▶ **WHAT IS BEING ASKED**
Given the entries below, would you transcribe exactly the lines starting at the one with "2 Anciens Verres" and ending at the one with "Clase multicultural: educación", both kept, pictures omitted, nothing extra?

▶ **GIVEN DATA**
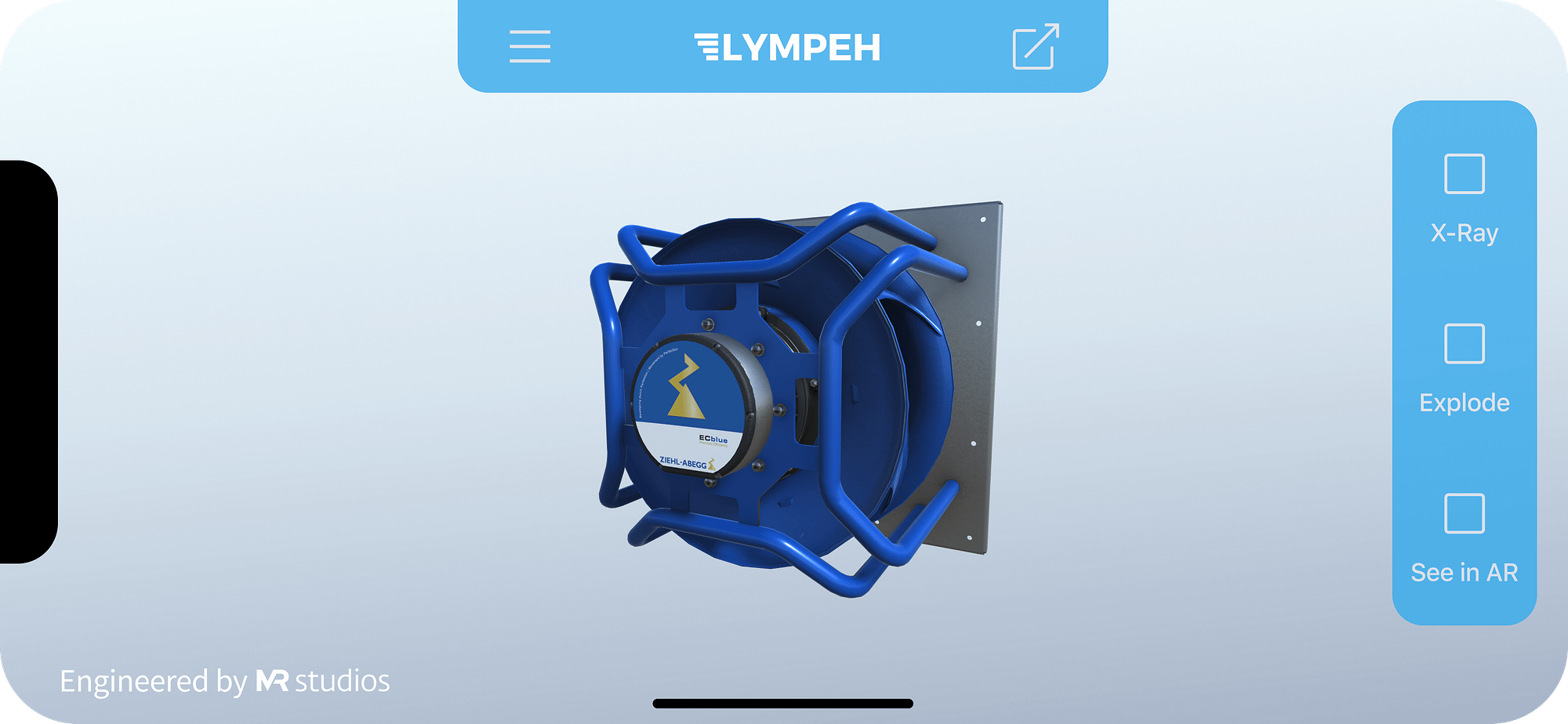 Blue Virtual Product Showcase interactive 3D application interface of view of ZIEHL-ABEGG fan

==

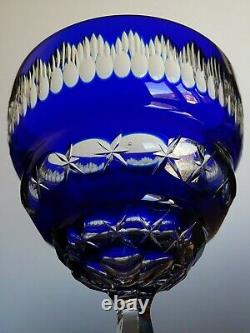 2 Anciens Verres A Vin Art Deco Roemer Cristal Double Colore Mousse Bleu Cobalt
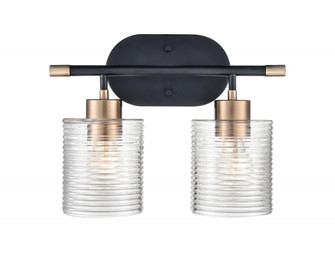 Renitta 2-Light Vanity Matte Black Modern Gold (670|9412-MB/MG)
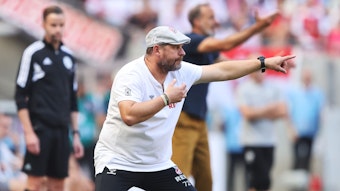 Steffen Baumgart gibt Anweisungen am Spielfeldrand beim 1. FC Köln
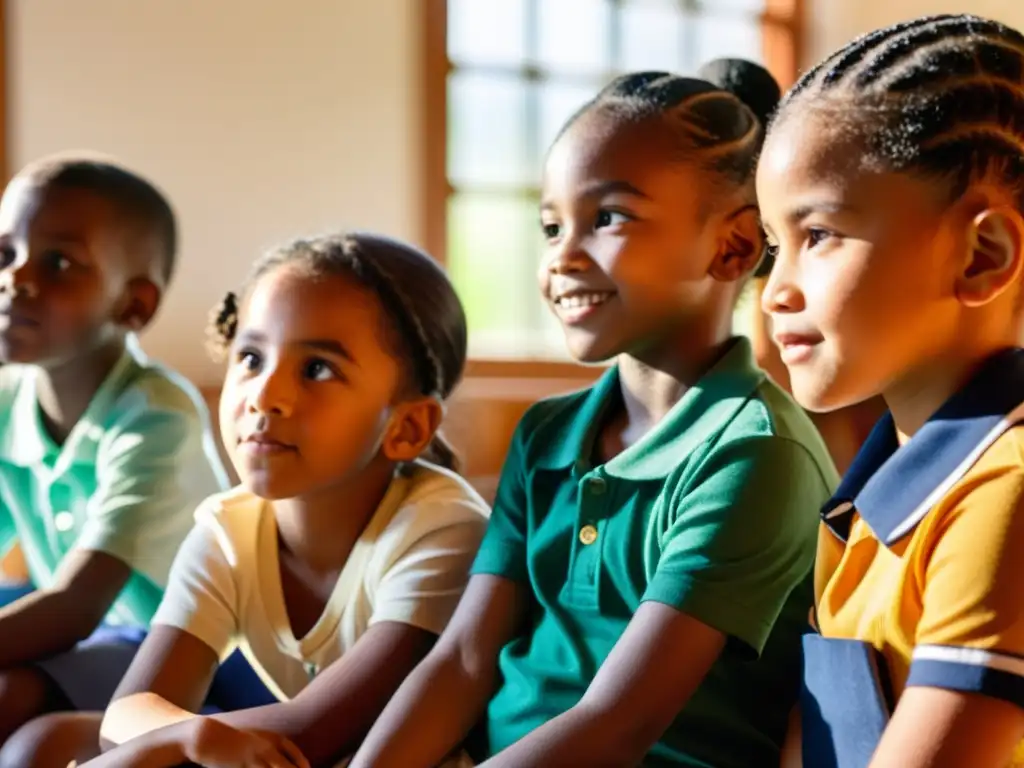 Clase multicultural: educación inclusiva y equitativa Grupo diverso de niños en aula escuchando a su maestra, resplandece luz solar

▶ **RESULT**
 2 Anciens Verres A Vin Art Deco Roemer Cristal Double Colore Mousse Bleu Cobalt
 Renitta 2-Light Vanity Matte Black Modern Gold (670|9412-MB/MG)
 Steffen Baumgart gibt Anweisungen am Spielfeldrand beim 1. FC Köln
 Clase multicultural: educación inclusiva y equitativa Grupo diverso de niños en aula escuchando a su maestra, resplandece luz solar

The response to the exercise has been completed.